Distancé, Nicolas Sarkozy parie tout en tentant de séduire à tout prix les voix du Front national en dernière ligne droite !

Les sondages, toujours les sondages? Deux à trois par jour pour expliquer pourquoi et comment vous avez voté au 1er tour, pourquoi et comment vous allez voter au second tour, le 6 mai prochain, comment vont voter votre voisin, sa compagne, le cousin de son frère, l'oncle de celui-ci et son meilleur ami et plus largement, le reste de la collectivité nationale? Le tout scientifiquement établi sur critères de revenus, de situations géographiques, de choix sociaux culturels affichés.  Bref ! On se demande dans ce monde du totalement prédictible, où se situe le libre arbitre. Cette interrogation pourrait faire d'ailleurs, par exemple, le sujet d'un nouveau merveilleux sondage?

Gardons-en un, du jour (avant-hier), pour la bonne bouche : Jérôme Sainte-Marie de l'Institut de sondage CSA fait remarquer dans le quotidien gratuit « Direct Matin » qu'entre 2007, date de dernière présidentielle qui a vu le succès de Nicolas Sarkozy et l'actuelle campagne, la proportion des électeurs français qui votent sans attendre une amélioration de leur situation personnelle était passée de 33% à 50%. Certains commentateurs pourraient y voir, dans le climat de crise économique actuelle un remarquable exemple de réalisme et de stoïcisme citoyen, d'autres préféreront souligner un certain désenchantement cynique.

Il est fort possible que l'humeur de mes compatriotes se situe à équidistance de ces deux postures? Les Français savent bien, en effet, que les jours (mois, années peut-être) qui suivront l'élection présidentielle ne constitueront pas pour eux un joli sentier bordé de lauriers et de roses. Tout autant, et l'importante participation (près de 80% des électeurs allant voter), montre qu'ils veulent faire savoir au pouvoir qu'ils veulent voir être élu, leurs attentes, leurs craintes et leurs exigences.

Remarquable effet de la démocratie représentative dans un pays pour qui l'élection présidentielle reste la «reine des élections », doublée d'un fort attachement à une tradition républicaine française, volontiers interventionniste et très attachée à l'idée de nation. Cette association des deux concepts ne se retrouve pas nécessairement dans l'ensemble des pays européens. La crise économique reste au cœur réel de l'élection. Jeudi prochain, les deux candidats vont s'affronter dans un duel télévisé. Programme contre programme ? François Hollande comme Nicolas Sarkozy savent l'un et l'autre qu'au lendemain de l'élection, le futur président de la République française aura des marges de manœuvres économiques et budgétaires fortement limitées par les marchés financiers (d'aucuns évoqueront la dictature des marchés financiers), par l'impéritie des autorités de l'Union européenne, par les diktats de notre principale alliée, l'Allemagne, par la vigilante pression intérieure des innombrables lobbies et corporations typiquement français, qu'il s'agisse du puissant Medef (l'association des patrons français), de la Chambre notariale, dont le mode fiscal remonte à l'ancien régime, celles aussi des très puissants syndicats de médecins jusqu'à celle du syndicat vieillissant des dockers.

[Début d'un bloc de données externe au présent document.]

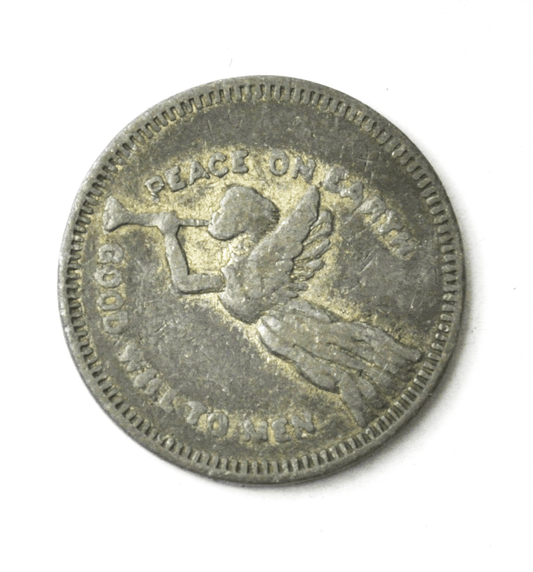 WWI Peace on Earth Good Will To Men Angel Trumpet Medal Token 31mm Rare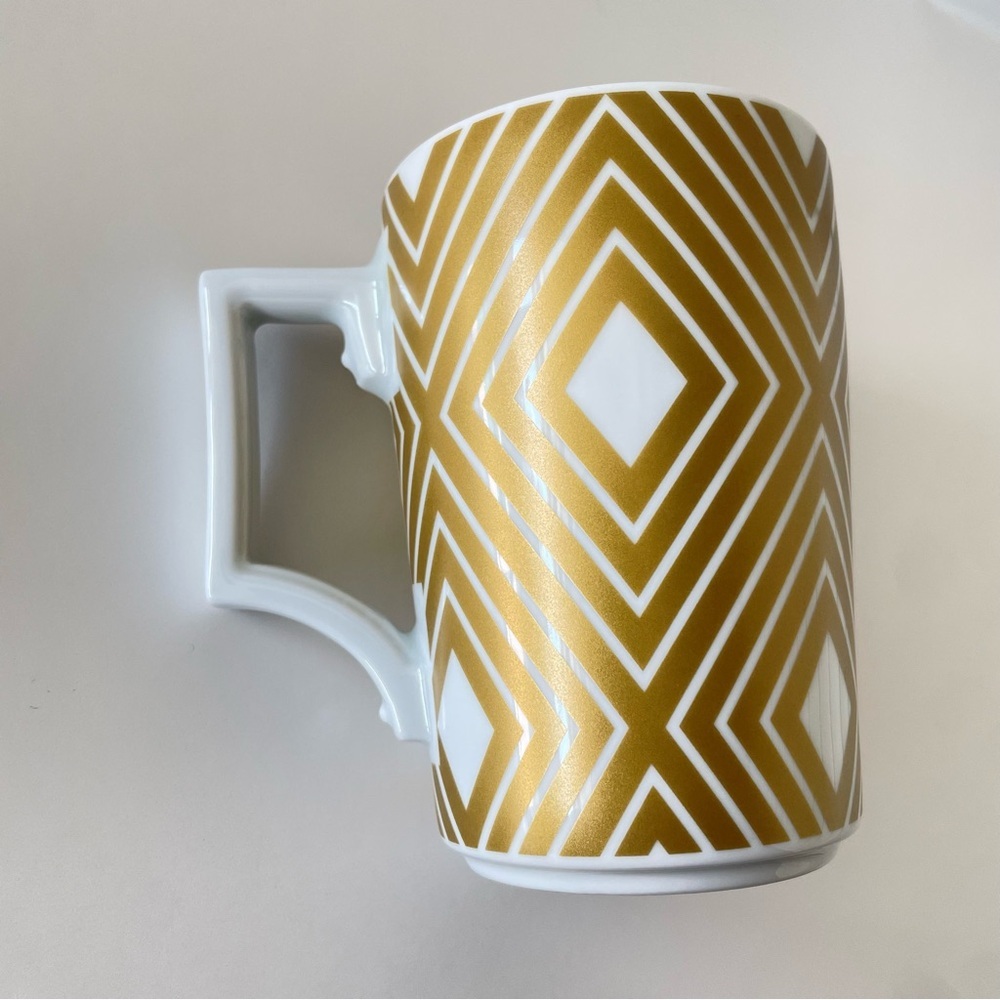 Starbucks x Rosanna Gold Diamond Print Argyle 12 OZ Coffee Mug Cup Germany 2013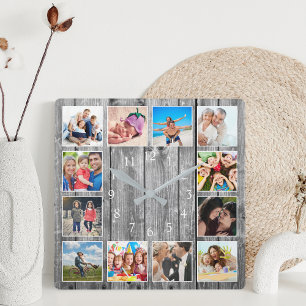 Horloge Carrée Maison de ferme moderne Famille Rustique Collage p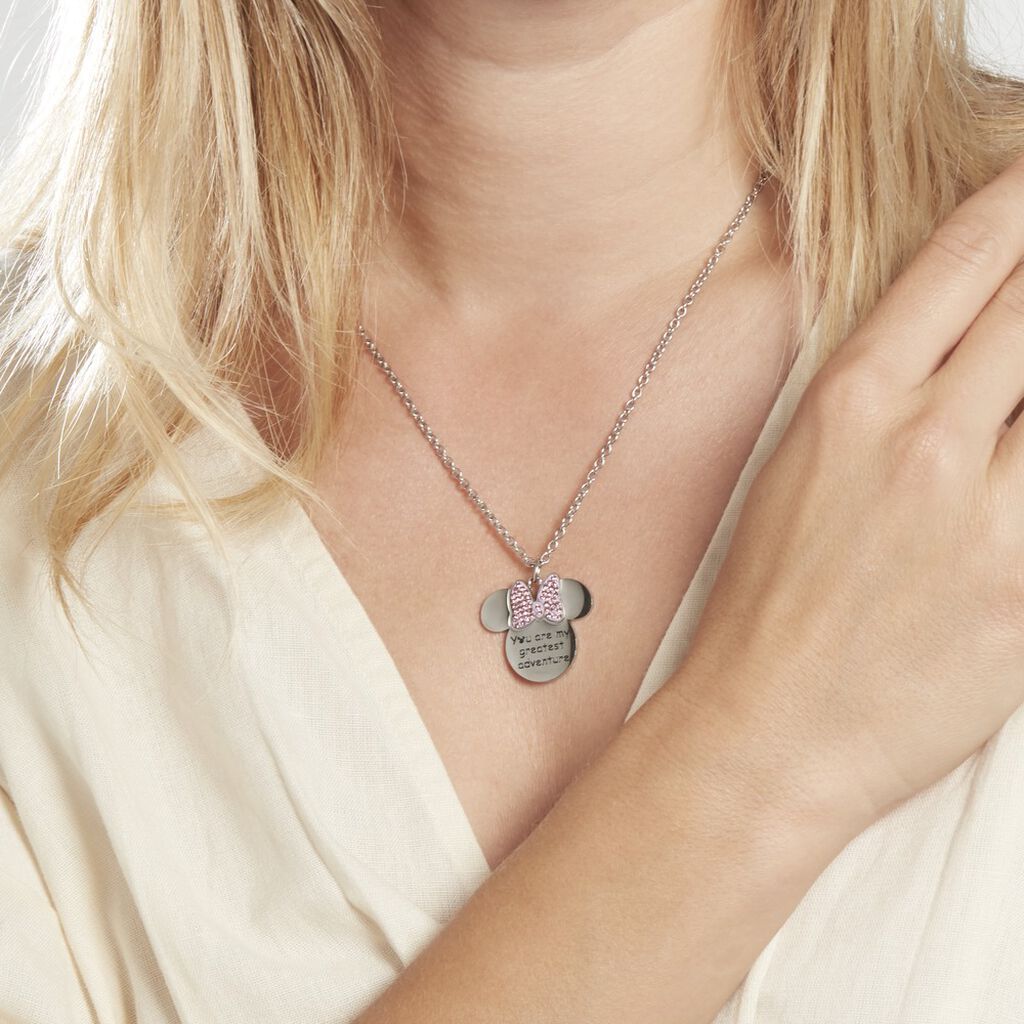 Collier Disney Acier Blanc Cristaux - Colliers fantaisie Femme | Histoire d’Or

Toutefois, à l'évidence, malgré ce régime de contraintes, les Français devront choisir entre deux options différentes qui peuvent se résumer entre deux lignes qui s'affrontent dans l'ensemble de l'union européenne et qui se résument à l'équation suivante : dans un cadre d'économies budgétaires nécessaires, faut-il redonner d'importantes marges financières aux entreprises dans cadre d'un très libre marché mondialisé ou faut-il restaurer la capacité des états nationaux, ou alliance d'états nationaux de redorer la croissance par des efforts volontaristes, dans le cadre d'une économie régulée ?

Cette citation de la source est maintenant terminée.